Which lines of the entries contain the string "Leather"? Please find them and copy them.

***** Data for the task

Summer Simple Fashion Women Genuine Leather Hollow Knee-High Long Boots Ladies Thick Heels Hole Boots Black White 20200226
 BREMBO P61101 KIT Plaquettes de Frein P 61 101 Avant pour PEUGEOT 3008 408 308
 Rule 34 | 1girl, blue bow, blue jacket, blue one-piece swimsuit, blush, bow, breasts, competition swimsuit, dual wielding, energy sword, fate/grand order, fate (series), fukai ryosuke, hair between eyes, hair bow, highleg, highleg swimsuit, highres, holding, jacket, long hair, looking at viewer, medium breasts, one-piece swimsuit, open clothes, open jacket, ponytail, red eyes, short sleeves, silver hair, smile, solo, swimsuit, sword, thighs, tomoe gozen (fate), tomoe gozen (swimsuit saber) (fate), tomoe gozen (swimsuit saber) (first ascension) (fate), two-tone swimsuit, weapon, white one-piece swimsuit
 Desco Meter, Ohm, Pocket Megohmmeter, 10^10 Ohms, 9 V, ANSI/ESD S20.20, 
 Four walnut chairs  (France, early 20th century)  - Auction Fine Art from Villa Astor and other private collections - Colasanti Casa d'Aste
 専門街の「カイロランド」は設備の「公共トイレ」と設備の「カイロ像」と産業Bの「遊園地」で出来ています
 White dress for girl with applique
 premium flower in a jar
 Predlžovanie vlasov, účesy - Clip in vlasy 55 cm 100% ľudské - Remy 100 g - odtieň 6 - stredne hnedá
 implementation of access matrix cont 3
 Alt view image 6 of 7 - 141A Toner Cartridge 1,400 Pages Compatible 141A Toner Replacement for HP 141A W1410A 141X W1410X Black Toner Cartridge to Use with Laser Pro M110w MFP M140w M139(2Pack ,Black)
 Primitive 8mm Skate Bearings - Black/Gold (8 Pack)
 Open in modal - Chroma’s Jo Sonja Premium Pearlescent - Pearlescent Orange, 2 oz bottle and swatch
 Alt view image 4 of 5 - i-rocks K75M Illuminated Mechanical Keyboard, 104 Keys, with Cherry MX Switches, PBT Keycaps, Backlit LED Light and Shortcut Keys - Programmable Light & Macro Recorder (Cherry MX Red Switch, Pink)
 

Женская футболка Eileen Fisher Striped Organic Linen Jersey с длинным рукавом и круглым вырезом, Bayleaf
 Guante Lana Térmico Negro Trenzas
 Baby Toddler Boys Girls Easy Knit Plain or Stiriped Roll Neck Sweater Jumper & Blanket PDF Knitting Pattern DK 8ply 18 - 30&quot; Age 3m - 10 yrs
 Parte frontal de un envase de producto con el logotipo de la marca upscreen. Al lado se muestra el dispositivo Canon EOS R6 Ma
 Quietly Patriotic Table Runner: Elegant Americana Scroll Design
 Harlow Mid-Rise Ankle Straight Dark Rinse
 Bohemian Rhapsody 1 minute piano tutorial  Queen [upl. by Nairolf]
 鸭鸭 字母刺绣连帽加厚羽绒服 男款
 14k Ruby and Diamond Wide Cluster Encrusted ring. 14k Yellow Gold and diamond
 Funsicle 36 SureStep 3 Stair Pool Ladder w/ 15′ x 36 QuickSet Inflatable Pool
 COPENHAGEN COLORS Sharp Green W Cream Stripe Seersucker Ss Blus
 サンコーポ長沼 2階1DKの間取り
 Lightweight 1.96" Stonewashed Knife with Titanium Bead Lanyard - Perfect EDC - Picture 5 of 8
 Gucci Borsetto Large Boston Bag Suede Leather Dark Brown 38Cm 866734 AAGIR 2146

**********

Written answer:
Summer Simple Fashion Women Genuine Leather Hollow Knee-High Long Boots Ladies Thick Heels Hole Boots Black White 20200226
 Gucci Borsetto Large Boston Bag Suede Leather Dark Brown 38Cm 866734 AAGIR 2146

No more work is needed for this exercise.